Carol Platt Liebau: You Can't Kill the Magic Lion

Monday, December 12, 2005

You Can't Kill the Magic Lion

Writing in The Times of London, Minette Marrin correctly (if hardly originally) points out the hypocrisy of those "enlightened" secularists who claim the mantle of tolerance and diversity -- yet get the vapors over "The Lion, The Witch and the Wardrobe," a film with explicitly Christian themes.

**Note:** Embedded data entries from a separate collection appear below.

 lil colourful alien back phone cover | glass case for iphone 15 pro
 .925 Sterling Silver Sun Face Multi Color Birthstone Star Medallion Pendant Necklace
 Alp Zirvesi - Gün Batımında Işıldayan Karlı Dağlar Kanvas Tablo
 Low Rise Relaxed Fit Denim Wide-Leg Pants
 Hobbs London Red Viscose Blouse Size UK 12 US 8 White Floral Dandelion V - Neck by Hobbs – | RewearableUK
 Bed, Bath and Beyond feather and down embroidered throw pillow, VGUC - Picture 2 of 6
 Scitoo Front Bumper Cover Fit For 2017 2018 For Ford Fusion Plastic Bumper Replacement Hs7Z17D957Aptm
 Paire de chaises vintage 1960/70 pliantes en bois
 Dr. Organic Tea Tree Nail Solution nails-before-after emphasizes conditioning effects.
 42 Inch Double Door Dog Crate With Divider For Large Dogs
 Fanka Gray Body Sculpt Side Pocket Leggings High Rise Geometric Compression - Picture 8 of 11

I saw the movie yesterday, and marveled at the way it had brought the book to life. Aslan, the White Witch, the talking animals and all the rest came to glorious life -- and the allegory behind Aslan's sacrifice and resurrection couldn't have been clearer. The movie had the ring of truth -- a truth deeper than the supposed "insights" we are supposed to glean about the "human condition" from dreadful (but celebrated) films like "American Beauty" or "Crash."

Funny that it is so threatening to so many. And funny that Minette Marrin would choose to condescend so to CS Lewis and his audience of believers and non-believers alike ("I now find the Narnia stories crude, cobbled together in a clumsy pastiche and sometimes distasteful or sententious."). Can s/he produce something of such incandescent loveliness and eternal truth, or is s/he merely limited to sniping from the sidelines?

Don't mind the secular fundamentalists who, as Minette Marrin puts it, are "desperate to kill the magic lion;" don't mind even the "sophisticates" like Marrin, who want to defend the rights of the beknighted to see the movie but are desperate not to be too closely associated with its Christian message. They are more to be pitied than blamed.

And, above all, don't worry -- the "magic lion" cannot really be killed. Remember?

1 Comments:

Blogger Matt Brinkman said...

What did you think of the depiction of Aslan? Personally, that was the one part of the movie that I wasn't completely taken with--too much of the tame and not enough of the unsafe. I'm curious whether anyone else felt the same.